The mechanics of manipulation

Two techniques dominate the gerrymanderer's toolkit: packing and cracking. Packing concentrates opposition voters into as few districts as possible, ensuring they win those seats by overwhelming margins while wasting surplus votes. Cracking disperses opposition voters across multiple districts, diluting their influence so they fall just short of a majority everywhere. The ideal gerrymander combines both, creating a handful of landslide districts for the other party while securing narrow but reliable victories across the remaining seats.

The mathematics are ruthless. A party winning 55 percent of the statewide vote can, with skillful line-drawing, capture 70 or 80 percent of legislative seats. The inverse is also possible: a party with minority support can secure majority representation. This is not hypothetical. It has happened repeatedly in states where one party controls the redistricting process.

Why courts struggle to intervene

Judicial efforts to constrain gerrymandering have produced a fragmented and often contradictory body of law. Racial gerrymandering—drawing lines to dilute minority voting power—violates the Voting Rights Act and the Equal Protection Clause, and courts have struck down numerous maps on these grounds. But partisan gerrymandering exists in a different legal category. The Supreme Court ruled in 2019 that federal courts cannot adjudicate claims of excessive partisan gerrymandering, deeming such questions beyond judicial competence. The matter was left to state courts, state constitutions, and the political process itself.

This has produced a patchwork of outcomes. Some state courts have aggressively policed partisan maps under their own constitutional provisions. Others have deferred to legislative prerogative. A handful of states have transferred redistricting authority to independent commissions, removing the process from direct legislative control. But in most of the country, the party that wins the state legislature in a year ending in zero controls the maps for the following decade.

The self-reinforcing cycle

Gerrymandering does more than determine which party holds power. It shapes the character of that power. When districts are drawn to be safely partisan, the real competition shifts from general elections to primaries, where more ideologically motivated voters dominate. This pushes candidates toward their party's poles, rewarding those who appeal to the base rather than the median voter. The result is a legislature populated by members who have little electoral incentive to compromise and considerable incentive to perform for their most engaged supporters.
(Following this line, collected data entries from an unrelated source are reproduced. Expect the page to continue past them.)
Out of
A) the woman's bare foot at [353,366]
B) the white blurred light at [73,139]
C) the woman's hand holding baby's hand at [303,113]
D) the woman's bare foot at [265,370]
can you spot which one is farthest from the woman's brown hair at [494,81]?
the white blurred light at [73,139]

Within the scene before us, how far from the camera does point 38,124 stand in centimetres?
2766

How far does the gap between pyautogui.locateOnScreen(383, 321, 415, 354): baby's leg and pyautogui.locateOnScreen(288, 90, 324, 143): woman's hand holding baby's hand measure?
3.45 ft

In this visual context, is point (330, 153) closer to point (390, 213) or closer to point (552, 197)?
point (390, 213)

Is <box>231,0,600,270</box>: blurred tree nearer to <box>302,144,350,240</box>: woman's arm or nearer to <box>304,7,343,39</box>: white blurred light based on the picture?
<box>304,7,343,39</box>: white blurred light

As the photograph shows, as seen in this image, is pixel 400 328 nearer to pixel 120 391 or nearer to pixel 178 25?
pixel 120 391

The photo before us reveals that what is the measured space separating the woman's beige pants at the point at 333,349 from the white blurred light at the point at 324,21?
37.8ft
The feedback loop is difficult to break. Legislators elected through gerrymandered maps have no interest in reforming the system that elected them. Voters in safe districts may not even recognize the problem, since their preferred party keeps winning. And the technical complexity of redistricting—the dense thicket of census blocks, precinct boundaries, and demographic projections—makes it difficult for the public to engage meaningfully with the process.

Our take

Gerrymandering is not a bug in American democracy; it is a feature that has been present since the founding. What has changed is the precision of the tools available to those who draw the lines. The question is not whether politicians will seek partisan advantage—they always have and always will—but whether the system can impose meaningful constraints on that impulse. Independent commissions are an imperfect solution, vulnerable to their own forms of capture and manipulation. But they at least introduce friction into a process that has become frictionless. The alternative is a system where voters do not choose their representatives; representatives choose their voters.